The Knitmistress took the cocktail and sipped without enthusiasm.
‘And you?’ Mr Cooksey asked.
‘Guinness,’ I said.
‘Guinness!’ Mr Dakin exclaimed, looking at me for the first time with interest and kindliness. ‘Where did you learn to drink Guinness?’
We drew closer and talked about Guinness.
‘Of course it’s best in Ireland,’ he said. ‘Thick and creamy. What’s it like where you come from?’
‘I can’t drink it there. It’s too warm.’
Mr Dakin shook his head. ‘It isn’t the climate. It’s the Guinness. It can’t travel. It gets sick.’
Soon it was time to sing Auld Lang Syne.
The next day the Dakins reverted to their exemplary behaviour, but now when we met we stopped to have a word about the weather.
One evening, about four weeks later, I heard something like a commotion in the flat above. Footsteps pounded down the stairs, there was a banging on my door, and Mrs Dakin rushed in and cried, ‘It’s my ’usband! ’E’s rollin’ in agony.’
Before I could say anything she ran out and raced down to the Knitmasters.
‘My husband’s rollin’ in agony.’
The whirring of the Knitmaster machine stopped and I heard the Knitmistress making sympathetic sounds.
The Knitmaster said, ‘Telephone for the doctor.’

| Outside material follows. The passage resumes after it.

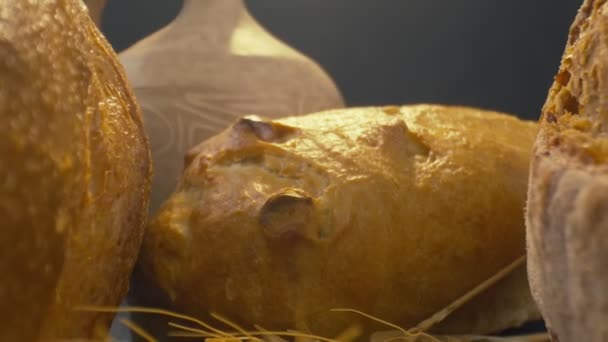 Close Van Vers Gebakken Volkoren Brood Tegen Achtergrond Van Een — Stockvideo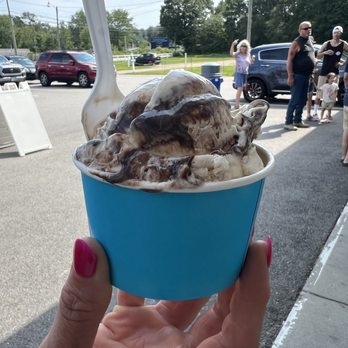 Lago's Ice Cream - Baby Peanut butter cup in a cup. Yum - Ice Cream & Frozen Yogurt Near Me - Rye, New Hampshire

I went and stood on the landing as a sympathetic gesture. Mrs Dakin roused the Cookseys, there were more exclamations, then I heard the telephone being dialled. I went back to my room. After some thought I left my door wide open: another gesture of sympathy.
Mrs Dakin, Mrs Cooksey and Mr Cooksey hurried up the stairs.
The Knitmaster machine was whirring again.
Presently there was a knock on my door and Mr Cooksey came in. ‘ Pop-pop . It’s as hot as a bloomin’ oven up there.’ He puffed out his cheeks. ‘No wonder he’s ill.’
I asked after Mr Dakin.
‘A touch of indigestion, if you ask me.’ Then, like a man used to more momentous events, he added, ‘One of my cleaners took ill sudden last week. Brain tumour.’
The doctor came and the Dakins’ flat was full of footsteps and conversation. Mr Cooksey ran up and down the steps, panting and pop-popping. Mrs Dakin was sobbing and Mrs Cooksey was comforting her. An ambulance bell rang in the street and soon Mr Dakin, Mrs Dakin and the doctor left.
‘Appendix,’ Mr Cooksey told me.
The Knitmaster opened his door.
‘Appendix,’ Mr Cooksey shouted down. ‘It was like an oven up there.’
‘He was cold,’ Mrs Cooksey said.
‘Pah!’
Mrs Cooksey looked anxious.
‘Nothing to it, Bess,’ Mr Cooksey said. ‘’Itler had the appendix took out of all his soldiers.’
The Knitmaster said, ‘I had mine out two years ago. Small scar.’ He measured off the top of his forefinger. ‘About that long. It’s a nervous thing really. You get it when you are depressed or worried. My wife had to have hers out just before we went to France.’